On this page, we are going to learn some about a diverging lens with a couple of solved examples. All features of a diverging lens, including its physical properties, are discussed through worked examples.
A lens that is thicker at its edges than at its center is called a diverging lens. It is also called a negative lens or concave lens.
The focal length of a diverging lens is negative.
The thin lens equation gives a relationship between image $d_i$ and object $d_o$ distances with the focal length $f$ as below \[\frac 1f=\frac 1d_o+\frac 1d_i\] The magnification formula also provides a relationship between image and object distances, or the heights of the image and object, as below \[M=-\frac{d_i}{d_o}=\frac{h_i}{h_o}\]
(i) The focal length is always negative.
(ii) For an object in front of the lens, the object distance is positive.
(iii) For virtual images, the image distance is negative.
By practicing the following problems, you can understand the notes above better.
Problem (1): A diverging lens with a focal length of 10 cm can form an image of an object 20 cm away from it.
(a) What is the location of the image?
(b) Is the image real or virtual?
(c) Is the image upright or inverted? and find its magnification.
(d) Draw a ray diagram and verify the above results.
Solution: Given data is the object distance $d_o=20\,{\rm cm}$ and the focal length of a diverging lens $f=-10\,{\rm cm}$.

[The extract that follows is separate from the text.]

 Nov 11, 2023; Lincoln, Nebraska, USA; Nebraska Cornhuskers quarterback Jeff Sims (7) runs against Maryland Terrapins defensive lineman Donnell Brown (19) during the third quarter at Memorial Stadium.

Recall that the focal length for a diverging lens is always considered, by convention, negative.
(a) The thin-lens equation relates the image distance $d_i$, object distance $d_o$, and focal length $f$ as below \[\frac 1f=\frac 1d_o+\frac 1d_i\] By substituting the given information above into this equation and solving for the unknown image distance, we have \begin{align*} \frac 1f&=\frac 1d_o+\frac 1d_i \\\\ \frac 1{-10}&=\frac{1}{20}+\frac{1}{d_i}\\\\\Rightarrow \frac{1}{d_i}&=\frac{1}{-10}-\frac{1}{20}\\\\&=\frac{-2-1}{20}=\frac{-3}{20} \end{align*} By inverting the above expression, we get $d_i=-6.6\,{\rm cm}$.

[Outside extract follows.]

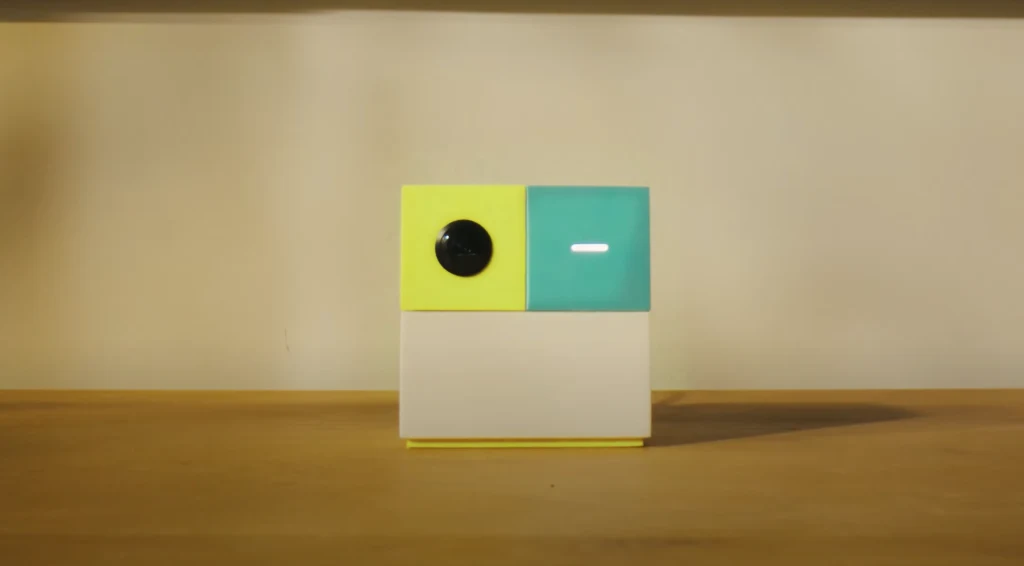 NEX Playground Kolorowy, nowoczesny gadżet o geometrycznym kształcie, składający się z dwóch górnych sześcianów – żółtego z okrągłym czarnym elementem i niebieskiego z poziomym białym paskiem – umieszczonych na białej podstawie, ustawiony na drewnianej powierzchni na...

Hence, the image is formed about 7 cm away from the diverging lens.
(b) According to the sign conventions for thin lenses, a minus sign for image distance indicates that the image is virtual.
An image is called virtual when it is formed on the same side as where the object is present.
(c) To find the orientation of an image formed by a thin lens equation, we can use the magnification formula below: \[M=-\frac{d_i}{d_o}\] A negative magnification indicates an inverted image and a positive is for an upright image. Placing the image and object distances into the above formula gives \[M=-\frac{-20/3}{20}=+\frac 13\] A positive magnification was obtained, so the image is erected (upright).
Note that the absolute value of the magnification indicates how much an object has changed in size. In this case, the image is as small as one-third of the object's size.
(d) To sketch a ray-tracing diagram for a diverging lens, it is sufficient to use at least three special rays as below.
(i) A ray parallel to the optical axis bends (refracts) toward the thicker part of the lens as if it came from the focal point on the same side as the rays. (Parallel Ray)
(ii) A ray passes through the center of the lens, refracted without deflection. This ray is called a central ray.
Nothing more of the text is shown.